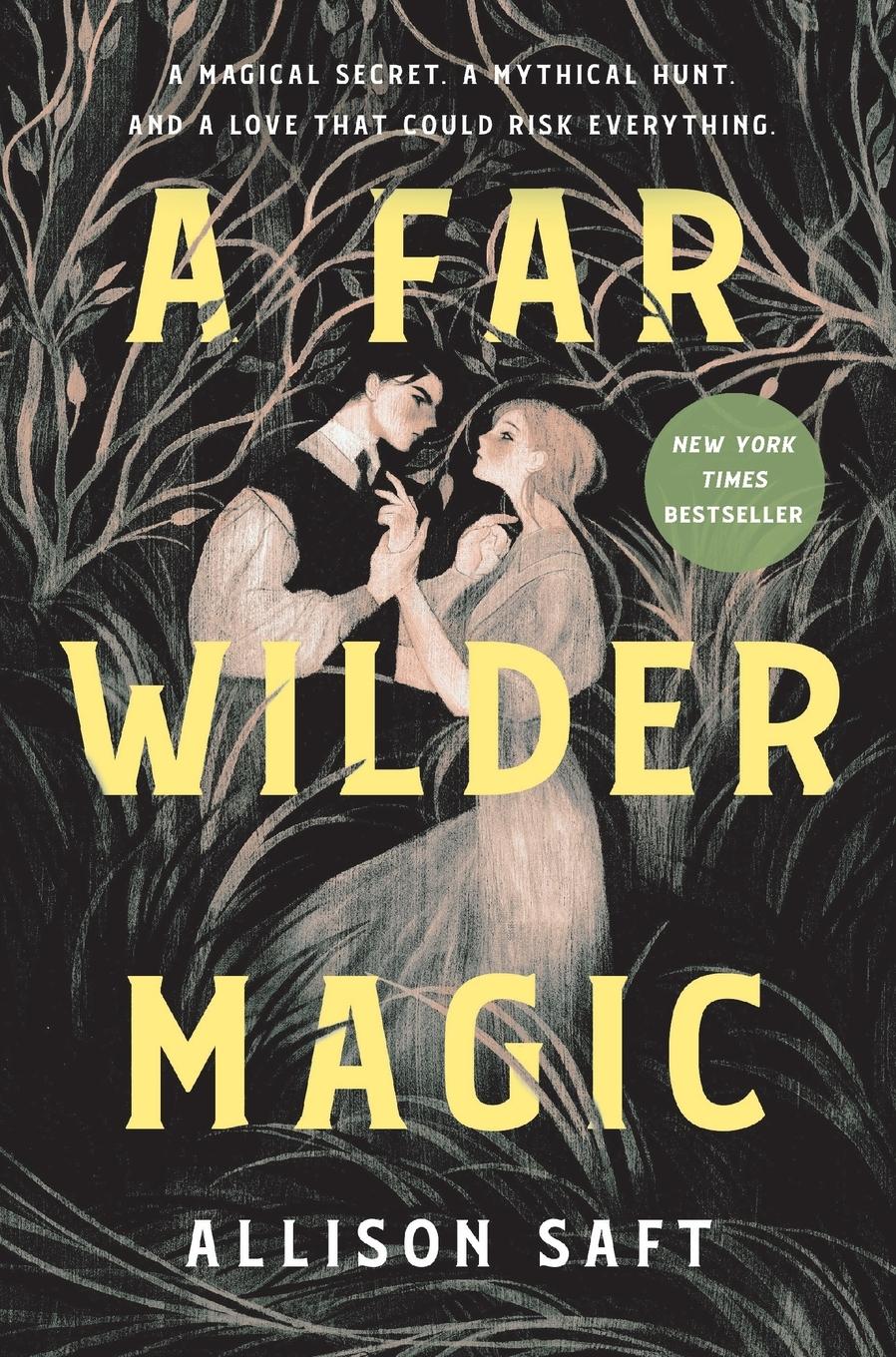 Vorderes Coverbild A Far Wilder Magic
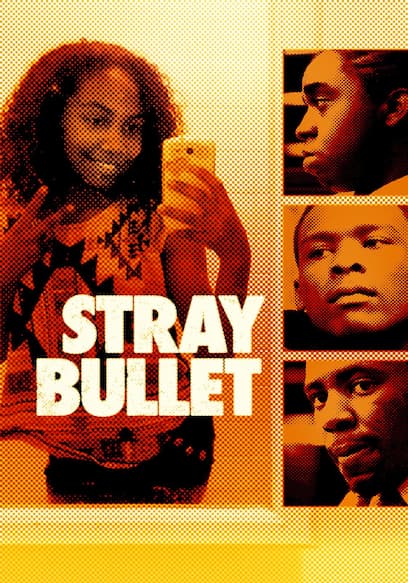 Stray Bullet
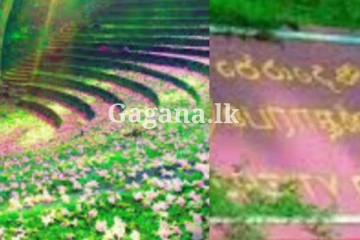 හොදම විශ්වවිද්‍යාලය බවට නැවතත් පත් වුන පේරාදෙණිය සරසවිය.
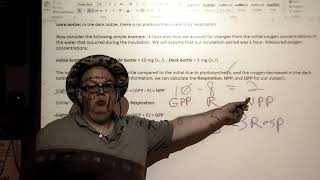 Canu APES GPP NPP and Respiration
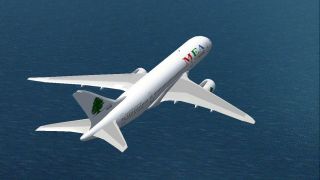 Screenshot 3 — Boeing 787 Mega Pack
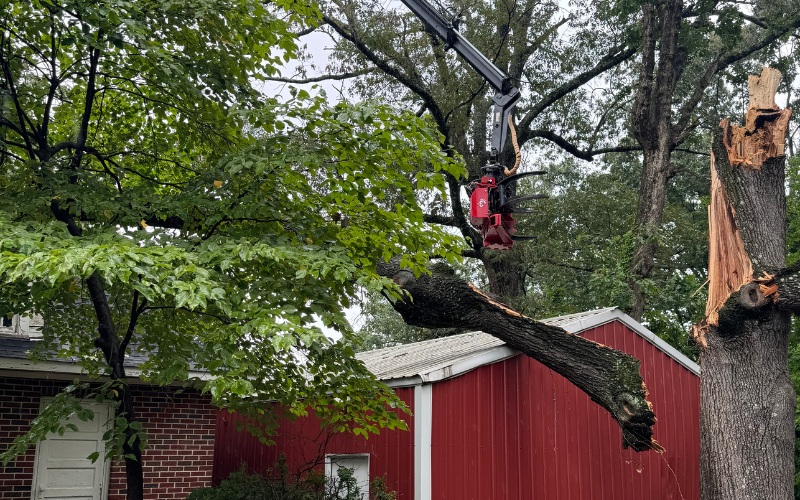 Godspeed Tree Service crane removing large storm-damaged tree branch from residential property in Forsyth County and feeding it into a chipper.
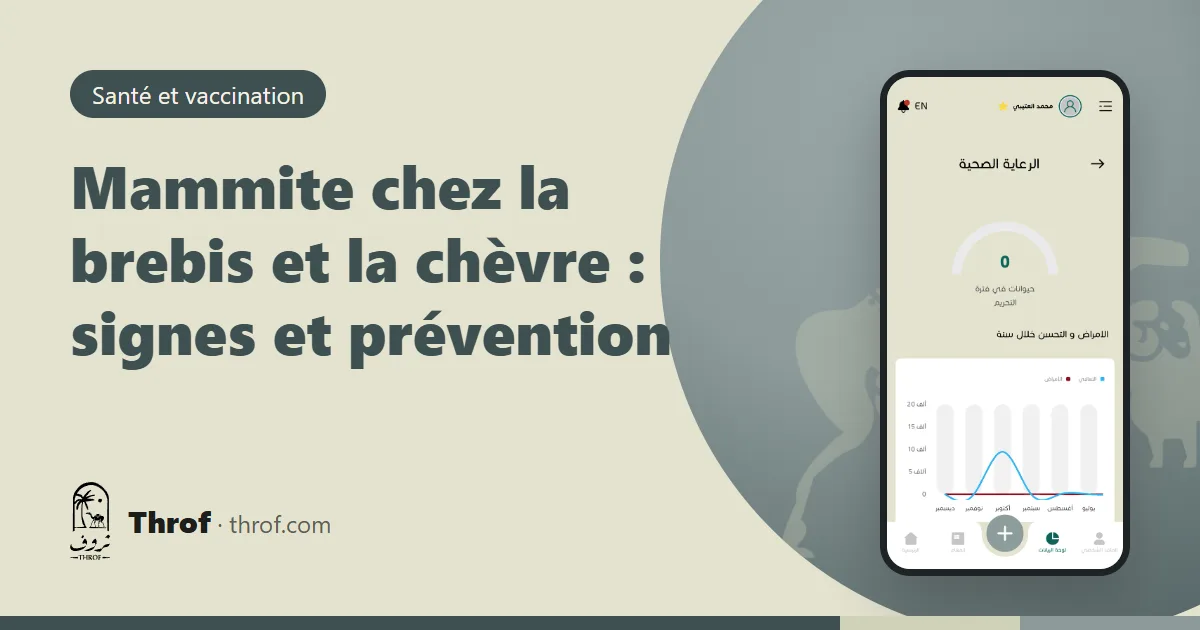 Contrôle de la mamelle d'une brebis pour détecter une mammite — Throf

◆ **Exercise instructions**
Everything in the records except the pictures is to be repeated exactly.

◆ **Solution to this problem**
 Vorderes Coverbild A Far Wilder Magic
 Stray Bullet
 හොදම විශ්වවිද්‍යාලය බවට නැවතත් පත් වුන පේරාදෙණිය සරසවිය.
 Canu APES GPP NPP and Respiration
 Screenshot 3 — Boeing 787 Mega Pack
 Godspeed Tree Service crane removing large storm-damaged tree branch from residential property in Forsyth County and feeding it into a chipper.
 Contrôle de la mamelle d'une brebis pour détecter une mammite — Throf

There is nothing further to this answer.